■ **Work instruction**
Where the line containing "Watch American Cyborg: Steel" appears in the entries below, start there and print only that line and every line after it, exactly, through the end, excluding pictures.

::: Input

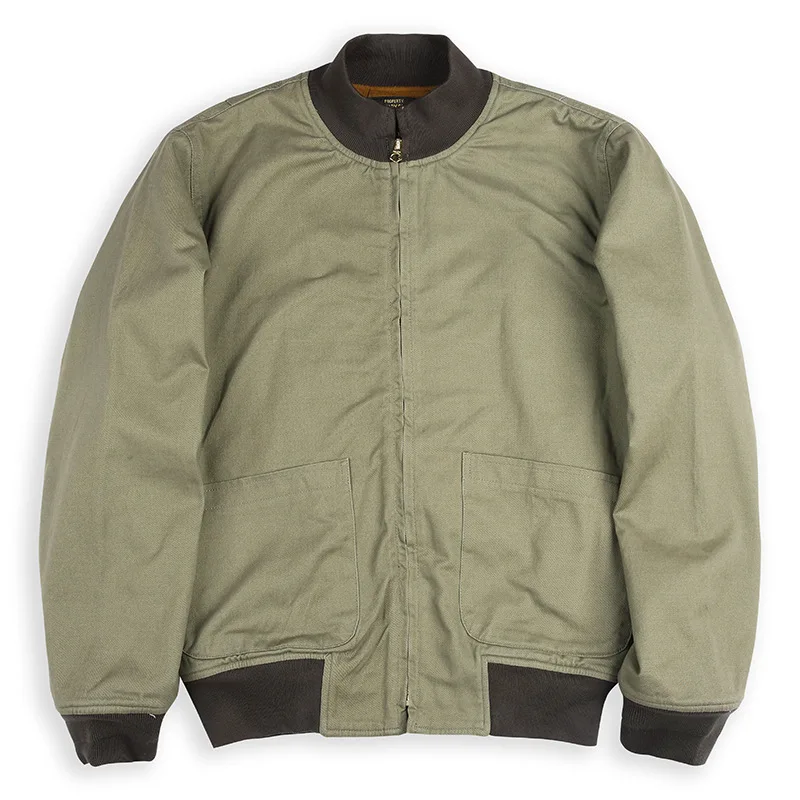 Militrary Tactics Tanker Jacket Wool Lining Mens Outdoor Hunting Tank Stand Collar Coat Autumn Winter Combat Jacket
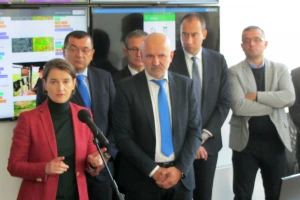 "AgroSens" za napredniju poljoprivredu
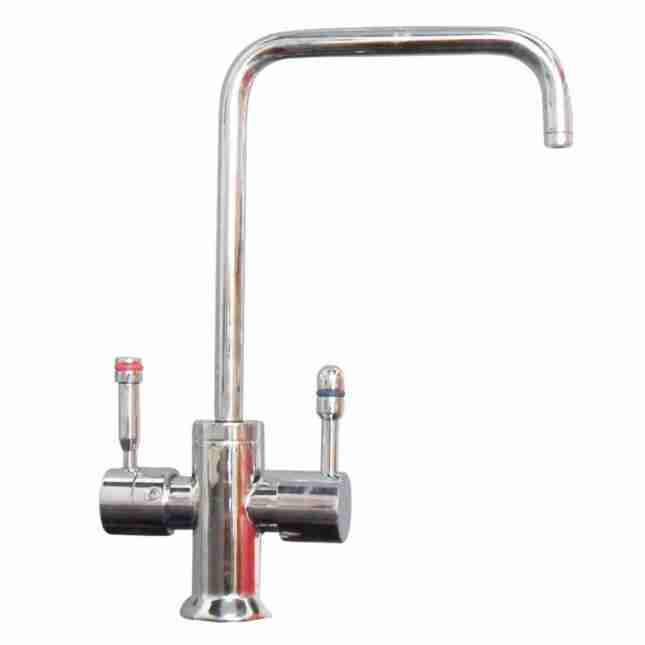 Boiling water tap replacement instant hot water tap boiling hot water tap
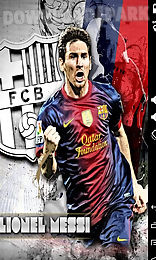 lionel messi wallpaper puzzle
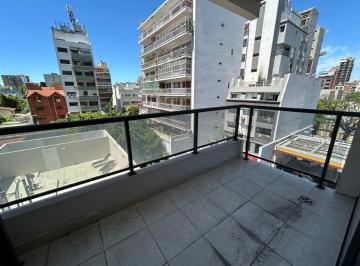 Departamento · 37m² · 1 Ambiente · Monoambiente a Estrenar, Balcon y Baulera. Nuñez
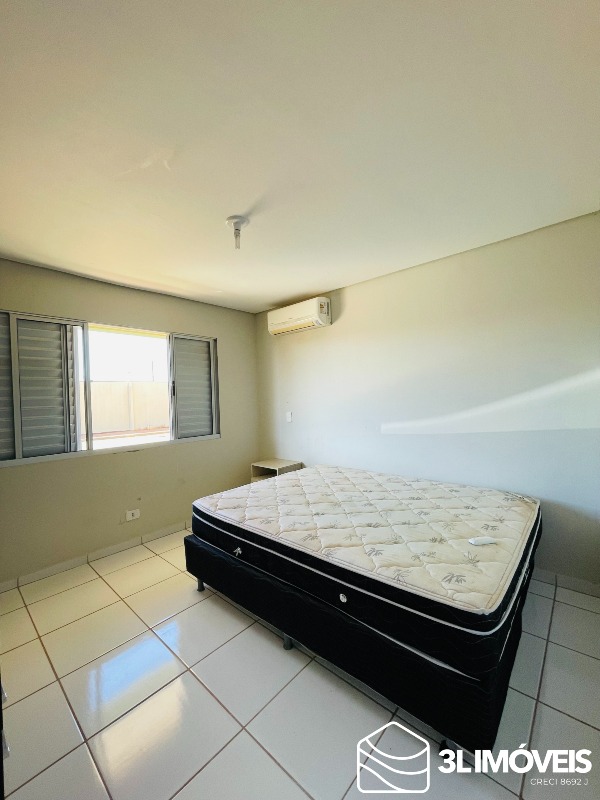 Apartamento para alugar Jardim Alvorada Três Lagoas 60m² 2 quartos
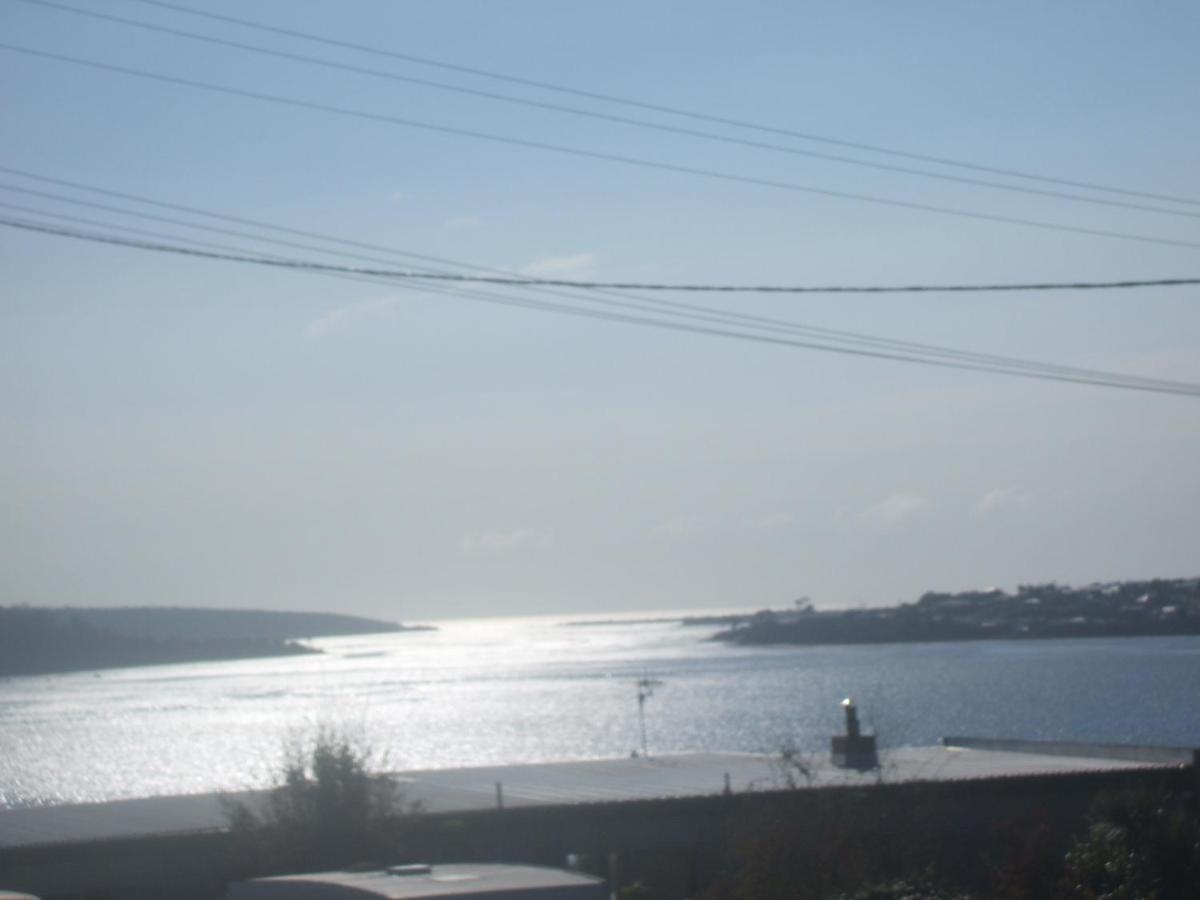 Ferienwohnung St Helens On The Bay Exterior foto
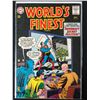 Image 1 : WORLD'S FINEST #137 (DC COMICS)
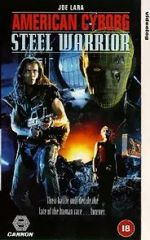 Watch American Cyborg: Steel Warrior Wolowtube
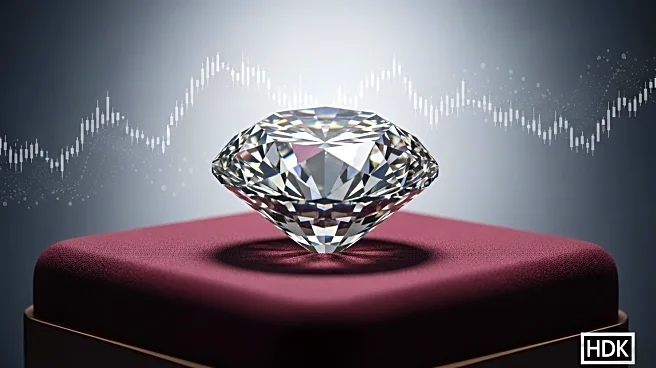 Motswedi Diamond Highlights Strategic Value of Ultra-Exceptional Diamonds Amid Market Volatility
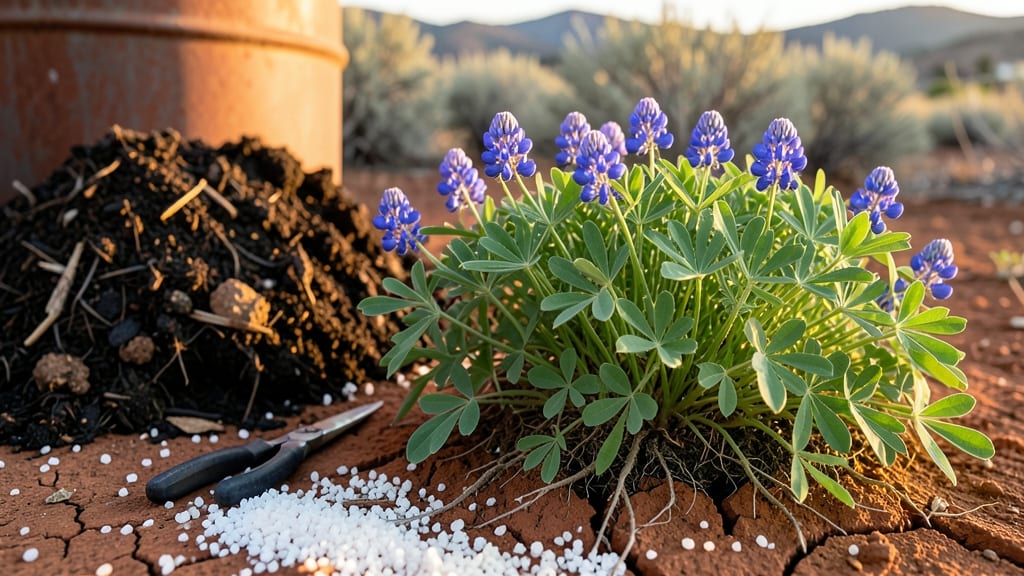 How to Fix Clay Soil for Gardening: Organic Amendments and Step-by-Step Process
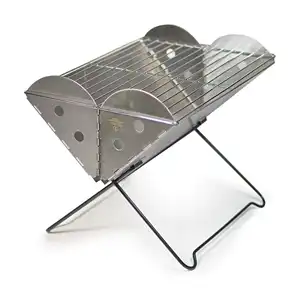 UCO Flatpack Portable Grill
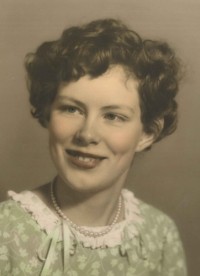 Margaret Alvida Sharp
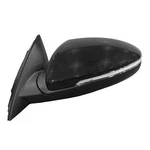 New Premium Power Driver Side Door Mirror Heated 87610M7070. Fixed Price $114.29.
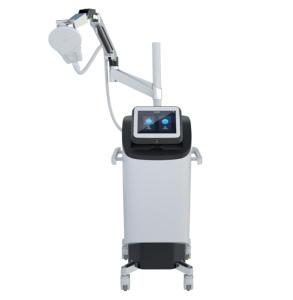 ESWT Shockwave Therapy Machine-Electromagnetic Medical Painrelief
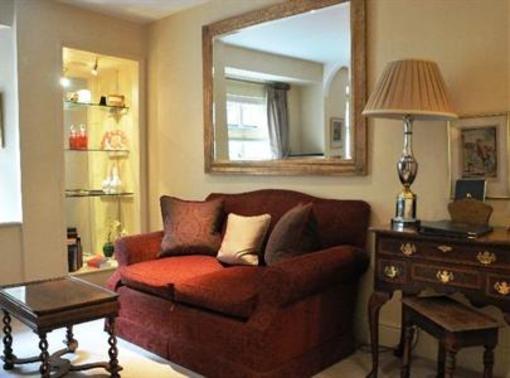 фото отеля The Priory Hotel Wareham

::::::

■ **Response area**
 Watch American Cyborg: Steel Warrior Wolowtube
 Motswedi Diamond Highlights Strategic Value of Ultra-Exceptional Diamonds Amid Market Volatility
 How to Fix Clay Soil for Gardening: Organic Amendments and Step-by-Step Process
 UCO Flatpack Portable Grill
 Margaret Alvida Sharp
 New Premium Power Driver Side Door Mirror Heated 87610M7070. Fixed Price $114.29.
 ESWT Shockwave Therapy Machine-Electromagnetic Medical Painrelief
 фото отеля The Priory Hotel Wareham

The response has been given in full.